RIP Osama

Years ago a young boy woke up in the morning, only to have his parents tell him that the World Trade Center was forcibly demolished with the use of civilian aircraft. A large chunk of the Pentagon was also taken out in a kamikaze attack. In a very heroic and honourable attempt to stand up against their hijackers, passengers crashed a fourth plane into open land, killing earthworms instead of more people.

'Hi, I am the world's most wanted terrorist. Wait, I mean I was...'

On Labour Day, the young boy, now not so young anymore, received news that the mastermind behind the 9/11 attacks finally got screwed. Osama bin Laden, the main character in many unkind (but funny) jokes I've heard, was shot to death in an operation which involved more than 2 dozen people going after 1 man's head.

The world's most wanted terrorist's only possible escape was to grab his jetpack and fly into the distance. Unfortunately, he couldn't find it.

When the fourth plane killed its family, one single earthworm got so pissed...

'SO LONG SUCKER!!!!'

...it stole Osama's escape ticket.
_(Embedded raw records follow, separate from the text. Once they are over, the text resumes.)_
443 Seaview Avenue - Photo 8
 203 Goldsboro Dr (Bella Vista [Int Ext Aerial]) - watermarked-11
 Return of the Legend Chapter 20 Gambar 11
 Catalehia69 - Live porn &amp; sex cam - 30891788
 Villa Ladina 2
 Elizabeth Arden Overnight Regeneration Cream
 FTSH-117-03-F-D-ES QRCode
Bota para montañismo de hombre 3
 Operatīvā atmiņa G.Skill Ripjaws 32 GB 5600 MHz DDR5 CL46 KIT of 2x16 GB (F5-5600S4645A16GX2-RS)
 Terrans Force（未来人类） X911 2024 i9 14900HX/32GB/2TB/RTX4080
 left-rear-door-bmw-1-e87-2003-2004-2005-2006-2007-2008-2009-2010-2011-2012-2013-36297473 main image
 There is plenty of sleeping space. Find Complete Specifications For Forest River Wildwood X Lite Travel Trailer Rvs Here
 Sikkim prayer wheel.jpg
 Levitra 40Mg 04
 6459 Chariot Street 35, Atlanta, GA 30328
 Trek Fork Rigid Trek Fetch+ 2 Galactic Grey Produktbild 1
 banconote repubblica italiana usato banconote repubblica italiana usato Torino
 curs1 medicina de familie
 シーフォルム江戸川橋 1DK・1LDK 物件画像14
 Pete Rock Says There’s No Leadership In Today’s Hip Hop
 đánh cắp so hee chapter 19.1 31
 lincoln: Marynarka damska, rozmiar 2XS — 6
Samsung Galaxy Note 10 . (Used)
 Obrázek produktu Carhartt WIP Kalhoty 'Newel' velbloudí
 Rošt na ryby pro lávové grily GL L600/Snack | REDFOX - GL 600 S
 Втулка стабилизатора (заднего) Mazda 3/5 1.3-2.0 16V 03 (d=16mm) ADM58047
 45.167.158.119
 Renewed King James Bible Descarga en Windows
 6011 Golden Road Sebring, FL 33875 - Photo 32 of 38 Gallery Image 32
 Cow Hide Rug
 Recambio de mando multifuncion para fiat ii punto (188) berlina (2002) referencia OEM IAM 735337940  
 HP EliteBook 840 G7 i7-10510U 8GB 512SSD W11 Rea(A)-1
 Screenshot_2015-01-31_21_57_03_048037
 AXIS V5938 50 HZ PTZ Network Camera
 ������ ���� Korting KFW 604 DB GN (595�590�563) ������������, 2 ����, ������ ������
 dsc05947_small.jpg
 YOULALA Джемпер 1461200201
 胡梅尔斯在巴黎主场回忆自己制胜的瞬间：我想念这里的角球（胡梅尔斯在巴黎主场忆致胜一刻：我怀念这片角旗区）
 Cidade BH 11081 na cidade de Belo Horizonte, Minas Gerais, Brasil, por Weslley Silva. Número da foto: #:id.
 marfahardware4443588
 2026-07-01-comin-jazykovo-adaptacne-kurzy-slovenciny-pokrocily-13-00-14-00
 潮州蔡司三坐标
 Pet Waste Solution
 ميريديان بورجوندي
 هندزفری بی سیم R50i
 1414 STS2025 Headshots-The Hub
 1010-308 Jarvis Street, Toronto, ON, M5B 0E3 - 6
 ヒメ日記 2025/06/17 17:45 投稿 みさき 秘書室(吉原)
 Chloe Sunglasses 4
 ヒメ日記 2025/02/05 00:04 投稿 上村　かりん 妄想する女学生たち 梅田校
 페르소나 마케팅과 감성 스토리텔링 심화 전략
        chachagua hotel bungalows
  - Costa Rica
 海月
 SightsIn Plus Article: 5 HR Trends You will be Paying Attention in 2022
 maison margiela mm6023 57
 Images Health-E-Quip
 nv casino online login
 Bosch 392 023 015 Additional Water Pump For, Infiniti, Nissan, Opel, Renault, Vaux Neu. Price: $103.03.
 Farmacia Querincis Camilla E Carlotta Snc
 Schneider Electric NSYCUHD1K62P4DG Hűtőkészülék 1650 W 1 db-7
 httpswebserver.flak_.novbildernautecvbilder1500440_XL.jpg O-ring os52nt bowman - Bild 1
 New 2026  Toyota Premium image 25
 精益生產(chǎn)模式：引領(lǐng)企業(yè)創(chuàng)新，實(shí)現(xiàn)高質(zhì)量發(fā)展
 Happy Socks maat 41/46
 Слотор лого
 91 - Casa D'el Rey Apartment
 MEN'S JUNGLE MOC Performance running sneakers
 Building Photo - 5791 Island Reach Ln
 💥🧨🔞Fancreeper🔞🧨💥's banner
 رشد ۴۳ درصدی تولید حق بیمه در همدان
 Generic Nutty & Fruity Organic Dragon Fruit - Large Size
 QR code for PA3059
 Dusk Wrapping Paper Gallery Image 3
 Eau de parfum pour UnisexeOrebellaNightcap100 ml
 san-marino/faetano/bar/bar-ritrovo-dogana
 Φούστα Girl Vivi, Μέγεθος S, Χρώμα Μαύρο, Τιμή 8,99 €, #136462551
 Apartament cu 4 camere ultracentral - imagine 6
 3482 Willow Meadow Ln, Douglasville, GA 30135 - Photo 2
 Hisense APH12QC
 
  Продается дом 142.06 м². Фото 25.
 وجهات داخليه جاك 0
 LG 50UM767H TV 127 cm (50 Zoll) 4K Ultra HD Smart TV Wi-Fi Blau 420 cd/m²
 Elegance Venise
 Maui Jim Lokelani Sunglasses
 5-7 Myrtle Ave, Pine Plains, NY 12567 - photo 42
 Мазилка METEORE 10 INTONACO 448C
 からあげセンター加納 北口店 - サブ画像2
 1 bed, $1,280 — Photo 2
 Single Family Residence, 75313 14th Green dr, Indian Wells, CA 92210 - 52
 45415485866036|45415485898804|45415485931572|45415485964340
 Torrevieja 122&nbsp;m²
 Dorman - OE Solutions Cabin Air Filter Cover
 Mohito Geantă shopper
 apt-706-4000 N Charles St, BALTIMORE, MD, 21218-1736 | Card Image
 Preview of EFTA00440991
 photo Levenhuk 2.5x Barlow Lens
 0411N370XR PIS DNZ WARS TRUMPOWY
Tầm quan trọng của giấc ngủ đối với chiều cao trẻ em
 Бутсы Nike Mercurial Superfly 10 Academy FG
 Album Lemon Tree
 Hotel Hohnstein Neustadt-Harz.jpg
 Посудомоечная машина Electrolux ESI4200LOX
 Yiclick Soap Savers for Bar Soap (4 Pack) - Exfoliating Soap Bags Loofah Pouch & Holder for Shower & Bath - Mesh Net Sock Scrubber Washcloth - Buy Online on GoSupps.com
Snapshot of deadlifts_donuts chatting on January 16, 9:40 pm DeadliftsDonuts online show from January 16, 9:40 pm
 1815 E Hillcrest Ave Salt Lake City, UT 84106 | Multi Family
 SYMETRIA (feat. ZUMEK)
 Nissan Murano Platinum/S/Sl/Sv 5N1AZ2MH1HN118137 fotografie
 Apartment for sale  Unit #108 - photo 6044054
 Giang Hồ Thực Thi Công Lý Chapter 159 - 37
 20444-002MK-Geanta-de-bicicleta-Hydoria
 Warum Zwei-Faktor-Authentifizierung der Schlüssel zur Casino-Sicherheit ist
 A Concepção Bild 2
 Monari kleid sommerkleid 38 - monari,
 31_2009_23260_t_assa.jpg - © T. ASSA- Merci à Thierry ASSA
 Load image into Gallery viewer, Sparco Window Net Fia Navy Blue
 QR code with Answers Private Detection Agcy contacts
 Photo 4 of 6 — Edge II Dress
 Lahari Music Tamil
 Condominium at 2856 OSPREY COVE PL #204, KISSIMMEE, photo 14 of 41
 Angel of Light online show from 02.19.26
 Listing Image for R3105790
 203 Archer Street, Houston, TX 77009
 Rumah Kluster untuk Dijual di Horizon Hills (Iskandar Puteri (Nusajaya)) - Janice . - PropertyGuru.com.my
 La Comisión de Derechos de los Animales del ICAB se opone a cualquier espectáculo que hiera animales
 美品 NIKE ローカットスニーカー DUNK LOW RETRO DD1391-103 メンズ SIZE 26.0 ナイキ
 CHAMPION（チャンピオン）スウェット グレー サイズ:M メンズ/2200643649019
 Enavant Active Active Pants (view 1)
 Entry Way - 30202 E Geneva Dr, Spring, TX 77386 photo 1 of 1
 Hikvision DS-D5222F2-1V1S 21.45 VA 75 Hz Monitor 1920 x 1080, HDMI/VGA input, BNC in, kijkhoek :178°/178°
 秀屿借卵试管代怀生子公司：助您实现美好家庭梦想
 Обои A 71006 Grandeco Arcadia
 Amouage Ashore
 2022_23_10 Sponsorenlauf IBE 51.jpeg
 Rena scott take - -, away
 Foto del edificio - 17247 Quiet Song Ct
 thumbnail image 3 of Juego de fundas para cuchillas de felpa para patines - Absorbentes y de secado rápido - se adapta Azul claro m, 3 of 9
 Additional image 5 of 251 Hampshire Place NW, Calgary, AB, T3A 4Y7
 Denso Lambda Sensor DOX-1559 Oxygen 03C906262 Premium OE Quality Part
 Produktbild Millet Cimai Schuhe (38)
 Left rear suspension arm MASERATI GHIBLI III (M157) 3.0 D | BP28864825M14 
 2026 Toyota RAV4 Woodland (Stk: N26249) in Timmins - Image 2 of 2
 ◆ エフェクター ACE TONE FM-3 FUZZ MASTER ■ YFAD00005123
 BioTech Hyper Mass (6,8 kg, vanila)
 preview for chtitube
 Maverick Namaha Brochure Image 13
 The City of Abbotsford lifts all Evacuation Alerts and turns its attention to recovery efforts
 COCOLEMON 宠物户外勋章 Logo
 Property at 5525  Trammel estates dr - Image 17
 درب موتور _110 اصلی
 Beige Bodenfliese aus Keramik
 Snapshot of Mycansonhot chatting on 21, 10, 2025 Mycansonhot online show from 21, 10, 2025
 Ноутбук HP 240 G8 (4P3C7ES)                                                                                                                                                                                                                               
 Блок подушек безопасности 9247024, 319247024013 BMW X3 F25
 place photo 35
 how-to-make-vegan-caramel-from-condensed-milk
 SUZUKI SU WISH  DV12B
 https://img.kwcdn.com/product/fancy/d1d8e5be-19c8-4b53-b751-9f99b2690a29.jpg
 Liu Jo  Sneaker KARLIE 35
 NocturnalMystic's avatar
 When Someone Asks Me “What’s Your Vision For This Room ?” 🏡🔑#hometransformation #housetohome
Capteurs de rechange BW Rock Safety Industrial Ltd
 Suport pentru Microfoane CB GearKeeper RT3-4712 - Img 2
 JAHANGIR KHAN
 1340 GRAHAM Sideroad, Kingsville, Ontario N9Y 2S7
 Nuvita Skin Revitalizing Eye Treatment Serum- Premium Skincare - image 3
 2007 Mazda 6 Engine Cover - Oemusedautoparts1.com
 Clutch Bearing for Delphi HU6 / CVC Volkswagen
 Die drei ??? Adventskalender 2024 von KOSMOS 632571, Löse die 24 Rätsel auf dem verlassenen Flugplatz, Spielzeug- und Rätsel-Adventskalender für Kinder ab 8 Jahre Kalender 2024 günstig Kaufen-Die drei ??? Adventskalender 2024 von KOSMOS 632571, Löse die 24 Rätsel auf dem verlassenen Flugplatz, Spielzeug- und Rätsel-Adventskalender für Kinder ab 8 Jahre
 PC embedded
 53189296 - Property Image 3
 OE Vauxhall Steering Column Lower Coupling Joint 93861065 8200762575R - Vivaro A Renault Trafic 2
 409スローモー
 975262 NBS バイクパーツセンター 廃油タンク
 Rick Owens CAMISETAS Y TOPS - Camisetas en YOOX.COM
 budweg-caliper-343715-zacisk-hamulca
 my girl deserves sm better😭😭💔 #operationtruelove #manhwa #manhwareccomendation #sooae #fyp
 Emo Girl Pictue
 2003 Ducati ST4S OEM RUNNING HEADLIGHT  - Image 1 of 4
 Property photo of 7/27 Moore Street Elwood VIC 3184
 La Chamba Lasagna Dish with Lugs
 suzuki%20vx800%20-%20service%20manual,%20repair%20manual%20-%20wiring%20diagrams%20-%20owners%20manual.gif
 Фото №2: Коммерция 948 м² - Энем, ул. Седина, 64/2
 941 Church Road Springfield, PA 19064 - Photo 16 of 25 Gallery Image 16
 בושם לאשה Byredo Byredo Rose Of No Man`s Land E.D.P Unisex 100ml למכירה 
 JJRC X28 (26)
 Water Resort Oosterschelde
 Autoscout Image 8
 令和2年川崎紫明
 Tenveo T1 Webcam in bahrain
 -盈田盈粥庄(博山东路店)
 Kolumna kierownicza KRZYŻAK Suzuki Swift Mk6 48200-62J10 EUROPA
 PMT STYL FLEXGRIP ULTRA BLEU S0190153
Osama didn't stand a chance against those elite Navy SEALS.

So ends the story of one guy famous for all the wrong reasons. Of course, photos of his body will not be circulated after Mr President of the United States said no way. However, I'm sure many of you readers would just like to assume he's dead meat until and unless we see him taking his dog for a walk in the park. I agree with you guys.

'Bye folks! Miss me! And please ladies, no more pictures...'

He can only hope whatever he heard about the 72 virgins in heaven was correct.